投稿日:2024年02月03日 10:30

 今週はオペラの役柄と声の関係を探ってみました。オペラの世界ではもっぱら声の高さによって役柄が決まっています。多くの場合、主役は高い音域を担いますので、ヒロインはソプラノ、ヒーローはテノールの役になります。となると、そのライバルや悪役はコントラストをつけるために、より低いメゾソプラノやバリトンが歌うことになります。さらに低い声、男声であればバス、女声であればアルトになると、特殊な役柄を歌うことが多くなります。賢者や権力者、神様、老人、魔女など。
 プッチーニの「トスカ」ではヒロインの歌姫、トスカの役をソプラノが歌い、その恋人である画家の役をテノールが歌います。そして、悪役のスカルピアはバリトン。今回、大西宇宙さんがスカルピアを歌ってくれましたが、この役は数あるオペラのなかでも悪役中の悪役といえるでしょう。血も涙もない冷血漢で、このオペラを観るたびにムカムカしてくるのですが、そういう役にもプッチーニは見せ場を作ってるんですよね。ストーリー上は心底嫌なヤツなのに音楽で魅了してくるという……。悪役にもすばらしい音楽が用意されるところがオペラの魅力かもしれません。
 同じくプッチーニの人気作「トゥーランドット」では、流浪の王子役カラフが歌う「だれも寝てはならぬ」がよく知られています。フィギュアスケートでもおなじみですね。本来はテノールが歌う曲ですが、今回は実験的にバリトンで歌ってもらいました。やっぱりそこはかとなく悪役感が漂ってきます。
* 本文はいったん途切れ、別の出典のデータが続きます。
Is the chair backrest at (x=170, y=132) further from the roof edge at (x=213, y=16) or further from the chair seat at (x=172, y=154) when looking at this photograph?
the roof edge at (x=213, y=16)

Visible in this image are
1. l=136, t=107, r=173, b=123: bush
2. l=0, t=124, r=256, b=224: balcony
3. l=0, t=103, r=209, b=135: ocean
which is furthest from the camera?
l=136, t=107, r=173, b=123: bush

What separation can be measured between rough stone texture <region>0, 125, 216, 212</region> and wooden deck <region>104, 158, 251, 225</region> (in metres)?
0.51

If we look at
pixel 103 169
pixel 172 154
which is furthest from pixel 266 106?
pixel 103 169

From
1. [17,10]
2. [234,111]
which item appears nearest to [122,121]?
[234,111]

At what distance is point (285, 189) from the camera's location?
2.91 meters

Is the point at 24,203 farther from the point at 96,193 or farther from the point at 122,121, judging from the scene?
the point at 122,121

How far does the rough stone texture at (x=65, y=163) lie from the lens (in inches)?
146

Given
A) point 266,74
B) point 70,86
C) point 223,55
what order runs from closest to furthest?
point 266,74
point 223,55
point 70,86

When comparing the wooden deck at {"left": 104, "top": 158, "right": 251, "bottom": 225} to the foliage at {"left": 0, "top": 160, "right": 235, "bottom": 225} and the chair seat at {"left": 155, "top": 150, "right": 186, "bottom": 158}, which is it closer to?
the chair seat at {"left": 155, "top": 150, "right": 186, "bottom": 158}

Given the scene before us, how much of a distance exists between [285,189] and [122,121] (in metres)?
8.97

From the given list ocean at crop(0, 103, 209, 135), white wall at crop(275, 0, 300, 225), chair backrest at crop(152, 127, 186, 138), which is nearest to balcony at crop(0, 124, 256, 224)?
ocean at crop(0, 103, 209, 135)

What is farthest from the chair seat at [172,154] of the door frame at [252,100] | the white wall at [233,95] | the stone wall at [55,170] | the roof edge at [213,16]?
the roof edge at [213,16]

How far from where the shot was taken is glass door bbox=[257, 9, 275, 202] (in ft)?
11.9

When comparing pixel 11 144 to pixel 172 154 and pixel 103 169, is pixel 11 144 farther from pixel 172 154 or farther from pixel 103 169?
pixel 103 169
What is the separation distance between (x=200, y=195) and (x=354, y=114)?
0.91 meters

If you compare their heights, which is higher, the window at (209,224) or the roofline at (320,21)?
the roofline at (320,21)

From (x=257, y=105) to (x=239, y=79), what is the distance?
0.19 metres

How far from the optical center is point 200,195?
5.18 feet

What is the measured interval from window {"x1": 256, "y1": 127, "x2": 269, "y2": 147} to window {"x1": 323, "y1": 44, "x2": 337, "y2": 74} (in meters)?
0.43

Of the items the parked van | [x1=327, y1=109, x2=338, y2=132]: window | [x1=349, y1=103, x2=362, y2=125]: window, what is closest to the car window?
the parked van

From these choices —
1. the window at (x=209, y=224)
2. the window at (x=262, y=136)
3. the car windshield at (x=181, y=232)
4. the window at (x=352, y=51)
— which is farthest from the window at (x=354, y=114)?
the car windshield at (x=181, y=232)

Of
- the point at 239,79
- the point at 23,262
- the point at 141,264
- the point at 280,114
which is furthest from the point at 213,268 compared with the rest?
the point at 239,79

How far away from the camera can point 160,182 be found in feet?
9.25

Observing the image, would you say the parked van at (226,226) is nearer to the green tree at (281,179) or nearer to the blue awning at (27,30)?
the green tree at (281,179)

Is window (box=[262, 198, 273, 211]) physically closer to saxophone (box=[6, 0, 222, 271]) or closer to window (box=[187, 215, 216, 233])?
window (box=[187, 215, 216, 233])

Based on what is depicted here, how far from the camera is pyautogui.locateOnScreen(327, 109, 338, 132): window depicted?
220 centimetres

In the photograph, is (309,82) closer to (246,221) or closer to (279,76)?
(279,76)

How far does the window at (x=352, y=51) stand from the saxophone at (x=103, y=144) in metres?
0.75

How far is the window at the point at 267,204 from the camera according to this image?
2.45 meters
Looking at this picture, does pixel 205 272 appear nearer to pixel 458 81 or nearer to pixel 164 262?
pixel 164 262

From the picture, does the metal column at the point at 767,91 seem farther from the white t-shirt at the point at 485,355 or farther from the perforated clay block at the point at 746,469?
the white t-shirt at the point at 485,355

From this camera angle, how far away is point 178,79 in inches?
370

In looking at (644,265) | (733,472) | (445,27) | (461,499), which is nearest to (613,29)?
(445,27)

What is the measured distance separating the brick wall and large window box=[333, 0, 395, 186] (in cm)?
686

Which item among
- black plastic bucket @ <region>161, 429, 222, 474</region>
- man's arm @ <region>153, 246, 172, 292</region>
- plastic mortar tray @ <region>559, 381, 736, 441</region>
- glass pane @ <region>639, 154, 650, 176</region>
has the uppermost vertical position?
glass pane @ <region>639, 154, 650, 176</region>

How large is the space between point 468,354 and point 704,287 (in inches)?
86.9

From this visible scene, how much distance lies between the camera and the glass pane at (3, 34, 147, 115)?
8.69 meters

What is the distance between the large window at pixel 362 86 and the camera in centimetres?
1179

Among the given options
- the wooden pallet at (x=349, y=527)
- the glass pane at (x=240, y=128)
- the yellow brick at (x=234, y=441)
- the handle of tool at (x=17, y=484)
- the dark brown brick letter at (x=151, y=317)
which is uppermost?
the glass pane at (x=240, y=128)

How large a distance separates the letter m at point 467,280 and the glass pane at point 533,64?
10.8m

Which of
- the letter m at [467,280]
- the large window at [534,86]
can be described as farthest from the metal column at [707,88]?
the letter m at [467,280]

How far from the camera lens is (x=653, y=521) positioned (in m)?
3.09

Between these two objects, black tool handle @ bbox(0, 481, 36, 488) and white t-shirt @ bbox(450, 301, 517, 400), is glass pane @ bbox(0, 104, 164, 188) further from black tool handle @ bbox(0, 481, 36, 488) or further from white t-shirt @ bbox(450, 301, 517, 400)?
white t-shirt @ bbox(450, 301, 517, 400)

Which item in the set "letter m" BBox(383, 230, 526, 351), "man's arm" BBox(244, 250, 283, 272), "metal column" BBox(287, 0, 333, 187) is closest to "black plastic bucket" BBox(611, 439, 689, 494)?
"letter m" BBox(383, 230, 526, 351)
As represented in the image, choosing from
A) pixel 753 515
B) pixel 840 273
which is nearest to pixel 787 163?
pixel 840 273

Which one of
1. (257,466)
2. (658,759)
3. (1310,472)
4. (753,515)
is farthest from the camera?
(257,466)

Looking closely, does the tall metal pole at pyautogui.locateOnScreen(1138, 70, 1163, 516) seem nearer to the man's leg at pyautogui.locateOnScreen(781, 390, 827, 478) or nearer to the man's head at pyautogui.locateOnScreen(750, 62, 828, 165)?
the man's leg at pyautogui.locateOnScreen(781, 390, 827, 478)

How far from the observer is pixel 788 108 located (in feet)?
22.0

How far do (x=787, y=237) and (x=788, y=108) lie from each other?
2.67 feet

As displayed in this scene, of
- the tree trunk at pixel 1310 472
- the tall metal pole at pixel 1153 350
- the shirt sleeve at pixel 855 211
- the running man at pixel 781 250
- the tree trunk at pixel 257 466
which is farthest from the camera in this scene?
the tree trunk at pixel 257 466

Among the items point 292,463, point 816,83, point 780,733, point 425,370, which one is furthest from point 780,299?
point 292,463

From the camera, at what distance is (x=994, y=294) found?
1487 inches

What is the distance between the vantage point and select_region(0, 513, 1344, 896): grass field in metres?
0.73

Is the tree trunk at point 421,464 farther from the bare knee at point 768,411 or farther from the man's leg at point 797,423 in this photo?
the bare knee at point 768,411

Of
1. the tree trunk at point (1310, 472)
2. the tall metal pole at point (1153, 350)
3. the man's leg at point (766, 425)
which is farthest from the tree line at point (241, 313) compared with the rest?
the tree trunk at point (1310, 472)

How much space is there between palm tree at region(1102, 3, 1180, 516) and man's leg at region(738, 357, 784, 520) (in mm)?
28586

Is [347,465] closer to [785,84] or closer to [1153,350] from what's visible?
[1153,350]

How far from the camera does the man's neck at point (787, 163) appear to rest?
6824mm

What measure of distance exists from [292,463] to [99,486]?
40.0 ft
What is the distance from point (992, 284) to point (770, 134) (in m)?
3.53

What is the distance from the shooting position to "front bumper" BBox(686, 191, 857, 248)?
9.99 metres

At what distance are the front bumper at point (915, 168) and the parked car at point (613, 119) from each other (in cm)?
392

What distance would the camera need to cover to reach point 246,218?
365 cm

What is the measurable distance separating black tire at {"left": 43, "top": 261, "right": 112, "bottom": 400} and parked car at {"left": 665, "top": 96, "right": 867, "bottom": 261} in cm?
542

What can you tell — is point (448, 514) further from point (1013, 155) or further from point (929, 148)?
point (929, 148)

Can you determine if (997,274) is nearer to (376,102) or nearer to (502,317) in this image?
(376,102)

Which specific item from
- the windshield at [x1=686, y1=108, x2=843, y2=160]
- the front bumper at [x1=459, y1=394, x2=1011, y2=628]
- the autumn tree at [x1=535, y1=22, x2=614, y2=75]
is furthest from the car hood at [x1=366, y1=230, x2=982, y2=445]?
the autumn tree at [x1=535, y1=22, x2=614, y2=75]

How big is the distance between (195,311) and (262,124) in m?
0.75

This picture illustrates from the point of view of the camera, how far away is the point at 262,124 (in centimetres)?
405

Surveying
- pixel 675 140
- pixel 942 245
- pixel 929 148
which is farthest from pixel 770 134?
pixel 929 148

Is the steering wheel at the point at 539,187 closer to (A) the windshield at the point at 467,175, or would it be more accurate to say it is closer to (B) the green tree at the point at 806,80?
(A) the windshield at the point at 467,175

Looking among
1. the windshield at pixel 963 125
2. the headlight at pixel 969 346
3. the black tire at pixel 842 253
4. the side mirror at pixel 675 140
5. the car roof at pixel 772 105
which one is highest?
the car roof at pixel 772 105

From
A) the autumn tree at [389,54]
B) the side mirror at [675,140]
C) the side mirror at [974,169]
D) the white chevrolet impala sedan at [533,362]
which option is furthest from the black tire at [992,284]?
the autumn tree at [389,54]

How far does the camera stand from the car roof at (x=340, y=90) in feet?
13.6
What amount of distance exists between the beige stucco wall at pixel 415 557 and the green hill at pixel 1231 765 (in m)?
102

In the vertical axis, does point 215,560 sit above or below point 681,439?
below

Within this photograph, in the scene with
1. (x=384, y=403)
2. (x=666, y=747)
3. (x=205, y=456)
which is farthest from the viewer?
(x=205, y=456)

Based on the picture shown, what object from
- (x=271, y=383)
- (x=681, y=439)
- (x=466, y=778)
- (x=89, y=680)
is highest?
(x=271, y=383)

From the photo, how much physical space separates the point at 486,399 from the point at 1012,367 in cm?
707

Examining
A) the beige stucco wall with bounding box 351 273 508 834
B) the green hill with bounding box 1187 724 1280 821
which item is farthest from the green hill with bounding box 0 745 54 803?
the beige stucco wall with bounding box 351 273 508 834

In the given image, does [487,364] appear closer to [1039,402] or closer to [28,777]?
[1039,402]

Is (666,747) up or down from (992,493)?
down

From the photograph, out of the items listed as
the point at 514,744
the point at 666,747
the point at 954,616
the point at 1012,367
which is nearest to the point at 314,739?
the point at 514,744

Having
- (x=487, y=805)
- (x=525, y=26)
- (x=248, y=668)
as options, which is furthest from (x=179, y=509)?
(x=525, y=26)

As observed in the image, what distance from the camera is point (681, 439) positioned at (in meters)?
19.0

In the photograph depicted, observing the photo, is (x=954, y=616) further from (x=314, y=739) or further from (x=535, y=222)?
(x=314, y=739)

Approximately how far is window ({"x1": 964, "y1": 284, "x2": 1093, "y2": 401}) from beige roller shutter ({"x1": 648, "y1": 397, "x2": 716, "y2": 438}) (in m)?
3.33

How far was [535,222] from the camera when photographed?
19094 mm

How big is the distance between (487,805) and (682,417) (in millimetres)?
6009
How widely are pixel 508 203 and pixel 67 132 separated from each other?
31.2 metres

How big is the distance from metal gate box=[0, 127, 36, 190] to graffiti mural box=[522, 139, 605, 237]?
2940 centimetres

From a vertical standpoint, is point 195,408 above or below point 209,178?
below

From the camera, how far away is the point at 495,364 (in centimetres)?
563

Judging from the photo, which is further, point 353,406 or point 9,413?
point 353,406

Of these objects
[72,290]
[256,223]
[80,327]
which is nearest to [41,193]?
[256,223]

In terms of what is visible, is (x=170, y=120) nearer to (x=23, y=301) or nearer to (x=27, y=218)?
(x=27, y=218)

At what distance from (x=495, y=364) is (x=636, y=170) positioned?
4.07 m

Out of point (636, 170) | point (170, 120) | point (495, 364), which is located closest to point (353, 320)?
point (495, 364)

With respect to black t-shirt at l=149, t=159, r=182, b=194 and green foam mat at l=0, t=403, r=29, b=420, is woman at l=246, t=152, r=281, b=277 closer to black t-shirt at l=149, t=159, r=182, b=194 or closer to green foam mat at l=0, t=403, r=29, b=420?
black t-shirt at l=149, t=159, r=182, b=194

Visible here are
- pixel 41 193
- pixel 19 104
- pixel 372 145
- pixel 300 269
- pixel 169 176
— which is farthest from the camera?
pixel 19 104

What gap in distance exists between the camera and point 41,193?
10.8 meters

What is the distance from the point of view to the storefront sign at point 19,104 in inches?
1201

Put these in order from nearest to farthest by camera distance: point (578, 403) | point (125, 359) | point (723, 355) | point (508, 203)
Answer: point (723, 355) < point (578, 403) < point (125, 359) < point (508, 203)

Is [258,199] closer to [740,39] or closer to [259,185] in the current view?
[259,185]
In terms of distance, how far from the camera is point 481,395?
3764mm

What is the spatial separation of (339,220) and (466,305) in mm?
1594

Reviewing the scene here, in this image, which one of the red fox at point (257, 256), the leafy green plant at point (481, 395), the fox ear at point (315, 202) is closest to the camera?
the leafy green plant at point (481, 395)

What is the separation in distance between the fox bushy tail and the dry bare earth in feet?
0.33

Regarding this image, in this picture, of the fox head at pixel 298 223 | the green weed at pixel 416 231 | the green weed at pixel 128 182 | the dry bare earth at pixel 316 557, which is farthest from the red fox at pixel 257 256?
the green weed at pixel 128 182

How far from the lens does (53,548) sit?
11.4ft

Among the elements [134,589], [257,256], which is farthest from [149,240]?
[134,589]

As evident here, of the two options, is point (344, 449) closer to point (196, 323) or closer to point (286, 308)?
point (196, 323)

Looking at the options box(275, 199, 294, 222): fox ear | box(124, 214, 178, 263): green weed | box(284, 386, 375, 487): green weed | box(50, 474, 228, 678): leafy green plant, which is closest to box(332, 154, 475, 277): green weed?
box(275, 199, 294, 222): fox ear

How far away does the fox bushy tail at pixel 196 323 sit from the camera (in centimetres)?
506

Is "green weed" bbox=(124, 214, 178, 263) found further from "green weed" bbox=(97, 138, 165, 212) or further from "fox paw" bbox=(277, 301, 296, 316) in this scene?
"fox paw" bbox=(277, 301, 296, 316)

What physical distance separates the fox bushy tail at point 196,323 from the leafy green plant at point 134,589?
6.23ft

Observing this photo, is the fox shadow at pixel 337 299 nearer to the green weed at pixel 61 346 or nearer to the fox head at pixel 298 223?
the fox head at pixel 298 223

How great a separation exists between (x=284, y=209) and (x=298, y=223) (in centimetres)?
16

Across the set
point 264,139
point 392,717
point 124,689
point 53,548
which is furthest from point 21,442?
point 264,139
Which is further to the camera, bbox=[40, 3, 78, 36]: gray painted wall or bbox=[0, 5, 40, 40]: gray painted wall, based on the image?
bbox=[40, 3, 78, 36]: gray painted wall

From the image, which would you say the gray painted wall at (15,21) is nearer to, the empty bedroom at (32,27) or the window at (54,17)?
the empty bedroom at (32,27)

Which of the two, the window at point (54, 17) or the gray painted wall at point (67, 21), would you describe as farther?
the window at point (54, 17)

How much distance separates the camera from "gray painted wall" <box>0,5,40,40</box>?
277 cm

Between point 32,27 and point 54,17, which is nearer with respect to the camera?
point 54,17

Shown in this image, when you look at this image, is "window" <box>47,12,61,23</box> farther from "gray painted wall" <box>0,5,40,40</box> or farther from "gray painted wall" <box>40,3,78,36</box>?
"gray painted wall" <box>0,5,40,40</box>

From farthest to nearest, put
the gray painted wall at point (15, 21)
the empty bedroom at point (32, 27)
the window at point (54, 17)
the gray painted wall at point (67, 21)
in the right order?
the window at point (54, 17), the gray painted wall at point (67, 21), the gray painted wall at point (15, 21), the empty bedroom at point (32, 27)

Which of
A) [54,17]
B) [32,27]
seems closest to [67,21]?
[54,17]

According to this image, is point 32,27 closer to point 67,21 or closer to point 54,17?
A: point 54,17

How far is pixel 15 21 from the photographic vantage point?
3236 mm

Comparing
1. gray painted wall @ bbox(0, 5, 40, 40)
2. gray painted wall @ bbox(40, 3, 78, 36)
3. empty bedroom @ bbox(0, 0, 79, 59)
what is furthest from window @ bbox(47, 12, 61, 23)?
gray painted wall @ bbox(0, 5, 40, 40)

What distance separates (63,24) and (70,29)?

 バリトンが主役を務めることもありますが、その場合はアンチ・ヒーロー的な物語がほとんど。常軌を逸したプレイボーイを描く「ドン・ジョヴァンニ」(モーツァルト)、王を殺して王位を簒奪する「マクベス」(ヴェルディ)、大酒飲みの好色な老騎士の物語「ファルスタッフ」(ヴェルディ)など。どれも一癖も二癖もある役柄です。